Convolutional Neural Networks, or CNNs, classify images based on the pixel values within those images, allowing computers to mimic human eyes and brain. It has multiple uses in the real world, from self driving cars to robotics, as it serves as the basis for computer vision applications. In this chapter, we will be using Tensorflow, a machine learning library, to allow computers to see.
In the last chapter, you learned about the basic network structure, but why use a different one for image recognition? CNNs can reduce the picture down through the process below, meaning the training process takes much less time compared to a Dense network, which needs to train on the full picture, taking more time and processing power. In the end, CNNs are better suited for image processing tasks, so it is natural to use them when we need to identify images.

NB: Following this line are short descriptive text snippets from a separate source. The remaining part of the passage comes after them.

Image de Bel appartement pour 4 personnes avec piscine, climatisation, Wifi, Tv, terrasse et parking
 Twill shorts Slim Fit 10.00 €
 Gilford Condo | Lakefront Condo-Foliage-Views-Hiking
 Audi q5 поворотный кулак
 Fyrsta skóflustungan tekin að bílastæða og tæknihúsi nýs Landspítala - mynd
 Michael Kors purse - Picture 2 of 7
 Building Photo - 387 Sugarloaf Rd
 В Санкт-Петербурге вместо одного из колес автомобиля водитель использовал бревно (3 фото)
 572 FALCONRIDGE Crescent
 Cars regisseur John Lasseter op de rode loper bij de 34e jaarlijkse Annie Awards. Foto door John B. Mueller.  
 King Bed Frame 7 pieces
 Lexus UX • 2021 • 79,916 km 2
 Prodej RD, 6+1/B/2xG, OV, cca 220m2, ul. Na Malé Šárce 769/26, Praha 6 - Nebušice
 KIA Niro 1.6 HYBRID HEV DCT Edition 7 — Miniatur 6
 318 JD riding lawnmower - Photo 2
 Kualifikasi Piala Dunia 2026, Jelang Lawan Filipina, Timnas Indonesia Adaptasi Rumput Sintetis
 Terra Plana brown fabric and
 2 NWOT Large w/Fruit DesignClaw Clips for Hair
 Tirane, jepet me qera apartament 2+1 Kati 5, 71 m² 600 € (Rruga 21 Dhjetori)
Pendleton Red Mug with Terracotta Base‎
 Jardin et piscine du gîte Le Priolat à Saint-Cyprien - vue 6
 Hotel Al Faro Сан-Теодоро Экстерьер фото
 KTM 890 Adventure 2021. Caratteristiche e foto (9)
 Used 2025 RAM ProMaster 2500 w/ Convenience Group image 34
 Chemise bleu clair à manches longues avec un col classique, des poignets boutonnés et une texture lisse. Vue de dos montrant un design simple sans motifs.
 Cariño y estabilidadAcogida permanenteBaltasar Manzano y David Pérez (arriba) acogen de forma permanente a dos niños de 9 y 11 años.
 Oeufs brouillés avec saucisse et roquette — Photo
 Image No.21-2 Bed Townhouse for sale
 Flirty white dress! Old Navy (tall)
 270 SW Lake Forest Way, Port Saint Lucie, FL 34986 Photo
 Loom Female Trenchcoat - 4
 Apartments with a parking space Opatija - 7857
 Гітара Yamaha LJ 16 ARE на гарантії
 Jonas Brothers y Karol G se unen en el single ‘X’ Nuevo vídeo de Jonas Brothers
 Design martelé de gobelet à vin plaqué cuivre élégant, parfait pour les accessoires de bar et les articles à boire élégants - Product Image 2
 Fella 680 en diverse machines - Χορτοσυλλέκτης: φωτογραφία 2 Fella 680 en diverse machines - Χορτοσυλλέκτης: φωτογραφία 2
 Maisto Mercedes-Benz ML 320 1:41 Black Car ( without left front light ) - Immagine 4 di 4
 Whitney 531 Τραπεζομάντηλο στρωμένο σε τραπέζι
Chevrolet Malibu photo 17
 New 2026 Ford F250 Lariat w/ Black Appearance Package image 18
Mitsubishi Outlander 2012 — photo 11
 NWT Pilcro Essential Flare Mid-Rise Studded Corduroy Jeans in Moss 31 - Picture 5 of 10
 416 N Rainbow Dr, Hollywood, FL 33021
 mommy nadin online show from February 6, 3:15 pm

A CNN works by splitting pixel values into squares (the height and width are the ‘pool size’). As the CNN goes through the image, it looks at each pool/patch and, depending on the model, either takes the average or maximum of the pixels in that pool. We do this to reduce the amount of work for our network - by removing all the blank space, or white pixels, we give our neural network only the important pixels in the image. This, in turn, leads to faster computation, and reduces overfitting. Below is an image describing how max pooling works. Apart from Max Pooling, there are other types of pooling, such as Average Pooling, which takes the average of all the pixels, and Minimum Pooling, which takes the lowest pixel.